Typing Ad Hoc Data
Kathleen Fisher - Invited Talk
The ACM SIGPLAN Workshop on Types in Language Design and Implementation (TLDI 2007)
Nice, France, January 16, 2007
Abstract
Traditionally, types describe the internal data manipulated by programs. To accommodate the variety of desired data structures, language designers and type theorists have developed a wide variety of types and type constructors. But not all useful data is in programs; in fact, enormous amounts of it sit on disks or stream by on wires in a dizzying array of encodings and formats. It turns out that many of the types developed for internal data can be used to describe external data: tuples, records, unions, options, and lists come to mind as obvious examples. Perhaps more surprisingly, recursive types, singletons, functions, parametric polymorphism, and dependent types are relevant as well. Using types to describe external data leads naturally to the insight that we can reuse the same type to define an internal data structure and to generate parsing and printing functions to map between the two representations. The PADS project has exploited this idea, building data description languages based on the type structure of C (PADS/C) and on ML (PADS/ML) and exploring the theoretical basis for such languages with the Data Description Calculus (DDC). Continuing the analogy, it turns out that other concepts from the types world are also relevant to ad hoc data processing, including generic programming, type inference, type isomorphisms, and subtyping.

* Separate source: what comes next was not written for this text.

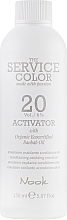 Fragrances, Perfumes, Cosmetics Hair Oxydant - Nook The Service Color 20 Vol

In this talk, I will describe the domain of ad hoc data processing and explain how types enable precise descriptions of such data. I will then explore the question of type inference, describing quantitative techniques we are currently developing to construct a description of ad hoc data given example instances.
Many people have worked on the PADS project, including Robert Gruber, Yitzhak Mandelbaum, and David Walker.